You ever feel like your current job doesn’t take advantage of what you have to offer?
So you decide you want to become a management consultant. It’s the perfect way for you to share your expertise with the world and maximize your potential.
There’s just one minor hiccup.
You don’t know much, if anything, about what it takes to make the transition to management consulting, but you know you’ll excel once you do.
So you start wondering…does becoming a consultant require an MBA? How do you get access to the right people – C-level clients and consulting firm partners and decision makers – to ramp up your new career if you don’t go back for your MBA?
But these type of opportunities don’t just fall out of the sky. You have to put yourself in position for a firm to want to hire you. You have to craft your story such that consulting firms are proactively looking for you.
This is where people usually throw their hands up in frustration, but it doesn’t have to be that way.
Once you understand the consulting a landscape, there’s a handful of things you want to do:
Start thinking like a management consultant
Make no make mistake, there are skills unique to consulting. Some people view consulting as a fall-back career that anyone can do, but they miss an important fact. While you might call yourself a consultant, that doesn’t mean you will automatically have paying clients lined up at your door.
Overhaul your resume so it speaks to someone in management consulting
Want to know how convince someone that you’re knowledgeable in their industry?

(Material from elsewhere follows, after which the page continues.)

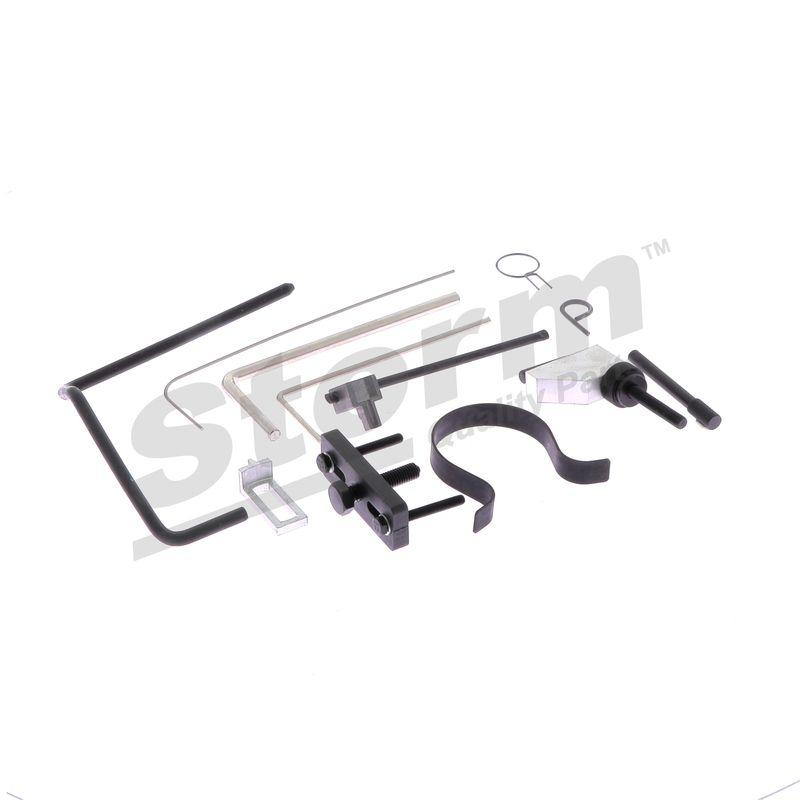 Kit d'outils de réglage, épure de distribution STORM QUALITY PARTS 555500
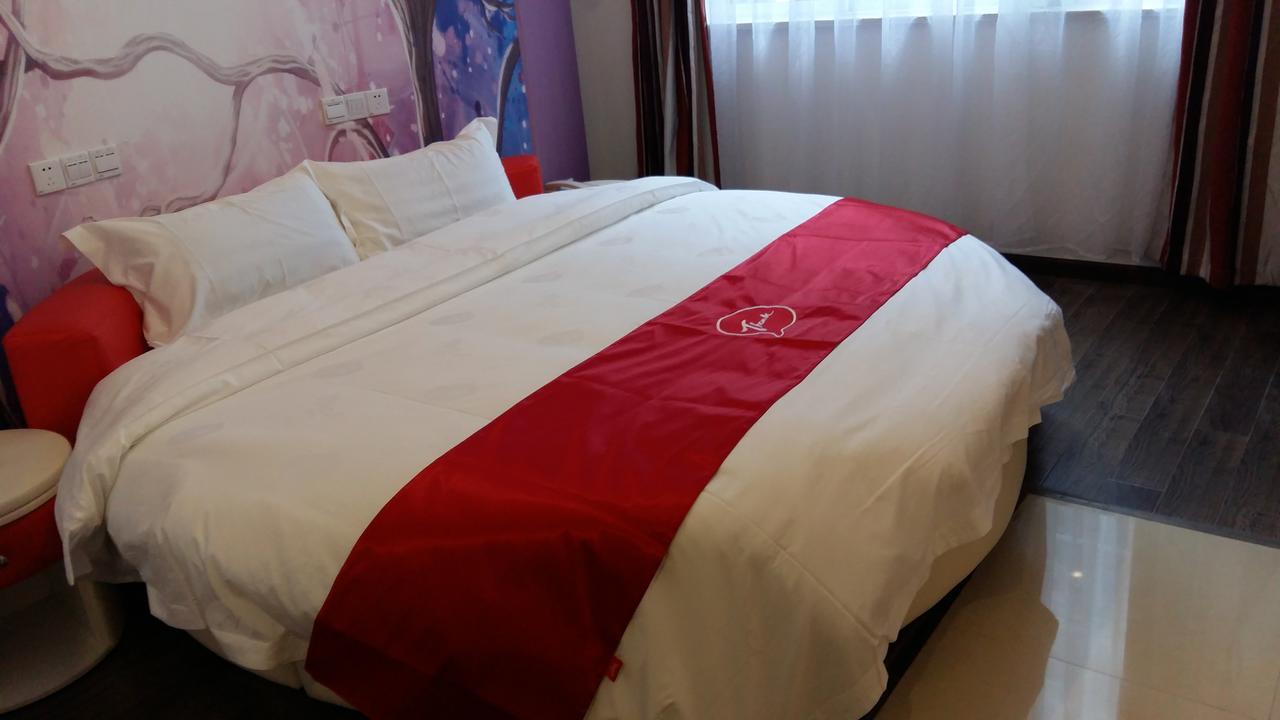 Thank Inn Chain Hotel Guizhou Zunyi Huichuan District Huichuan Avenue Exteriér fotografie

Use the words they use in your resume. Whether in conversation or in writing, the words you use indicate whether or not you communicate like the people who work in that space. You’ll also want to be concise while still highlighting the value you have delivered in the past. The distinction between results and job responsibilities is big in any resume, but it is non-negotiable in management consulting.
Prepare for the management consulting interview
Management consulting is notorious for relying heavily on case interviews. These are interviews where you work through a set of facts to come up with an answer to a question or recommendation to address a problem. You may also be asked to talk through how you achieved the results noted in your resume. Many books dedicated to “cracking the case” exist, but the key is to be structured and logical in your thinking even when the facts provided to you appear random.
Why all the theatrics? Because that’s often how clients will present information to you. They’ll give you some information believing they have a certain problem when the pain they’re experiencing is just a symptom of some less obvious issue. It is your responsibility filter out the excess and fix that issue.
Great knowledge and technical skills make for a solid foundation for becoming a management consultant. Understanding how to package those skills so they resonate with a hiring manager will push you over the line.